— Черт его дери, это электричество! — Элиот искренне негодовал. — Вот проклятое, зло меня берет, право! Да как оно смеет мучить нас все время! Свинство, и все!
— Пусть бы уж сразу меня убило, а то все гремит, разговаривает, покою нет.
— Ну нет, не надо! Весь город по вас плакать будет.
— А кому до меня дело?
— Мне, дорогая моя, мне.
— Да кто обо мне пожалеет?
— Я пожалею.
— Да вы-то всех жалеете. А еще кто?
— Многие, многие пожалеют, милая моя.
— Да кого тут жалеть, дуру старую! Мне шестьдесят девятый год пошел.
— Какая же это старость — шестьдесят восемь лет?
— Нет, трудно человеку прожить целых шестьдесят восемь лет и ничего хорошего не видать.

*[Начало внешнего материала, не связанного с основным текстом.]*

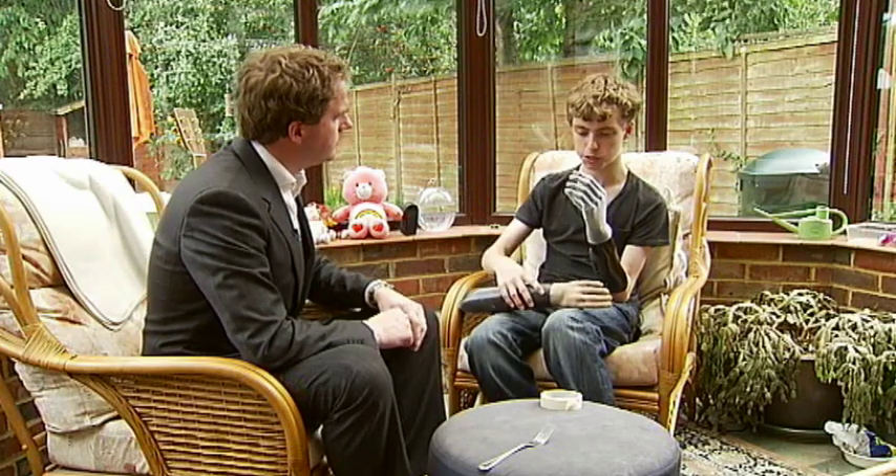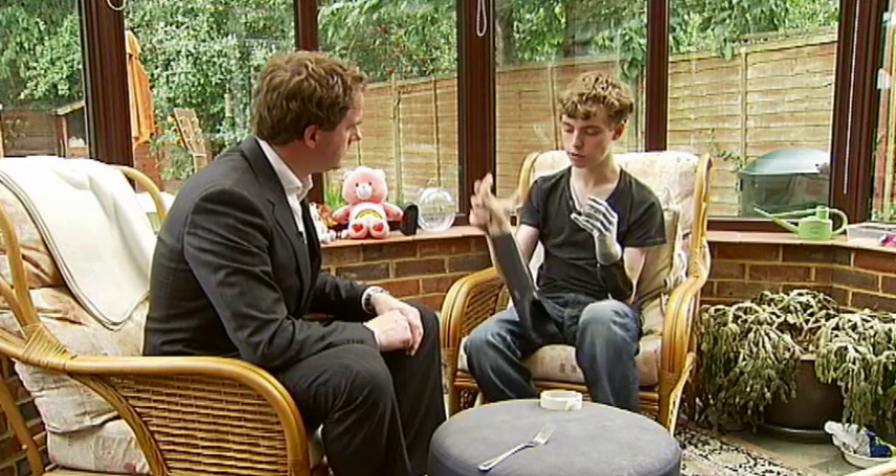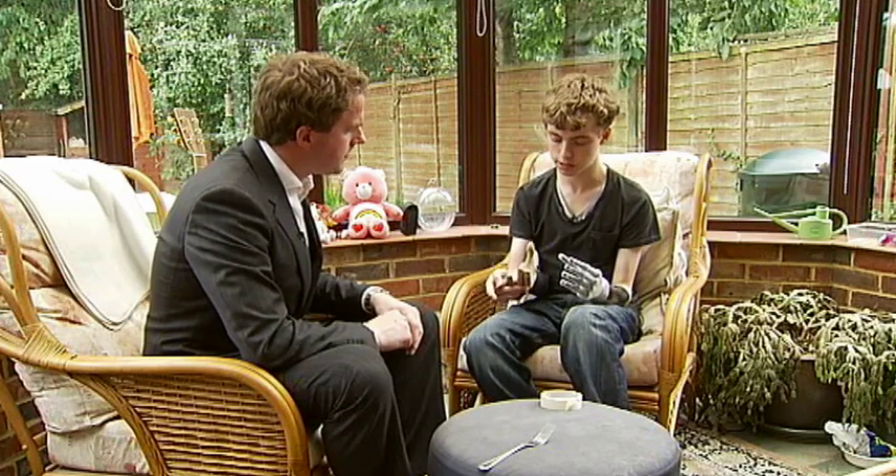This new hand is much more advanced. Each finger is individually powered, whereas with this hand, only these two fingers are powered, and these two are just rubber.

А у меня ничего хорошего в жизни не было. Да и откуда ему быть? Видно, я за дверьми стояла, когда Господь человекам мозги раздавал.

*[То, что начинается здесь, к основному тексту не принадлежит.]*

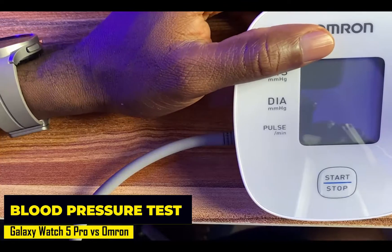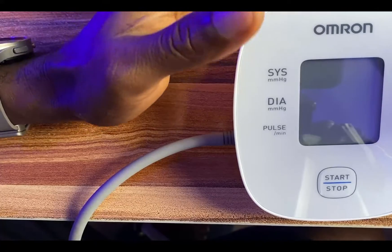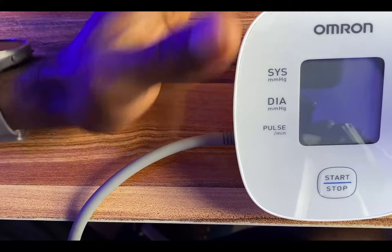If you own the Galaxy Watch 4, 5, or even the newly released Galaxy Watch 6 series, you should have blood pressure and ECG features on the watch.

— Да неправда это, неправда!
— Видно, я и тогда за дверьми стояла, когда Господь людям тела раздавал — крепкие да красивые. Я и девчонкой ни бегать не могла, ни прыгать. И вечно хворала, дня не помню без хвори. С самых малых лет то живот пучило, то ноги пухли, с тех самых пор и почки стали болеть. И не было мне входа к Господу, когда он деньги раздавал и удачу. А потом набралась я храбрости, вышла из-за дверей и говорю, тихонько так шепчу: «Господи боже, всеблагой, всемогущий, вот она я, бедная, несчастная!» А у него-то уже ничего хорошего и не осталось. И пришлось ему выдать мне нос картошкой, и волосы, что твоя проволока, и голос, как у лягушки.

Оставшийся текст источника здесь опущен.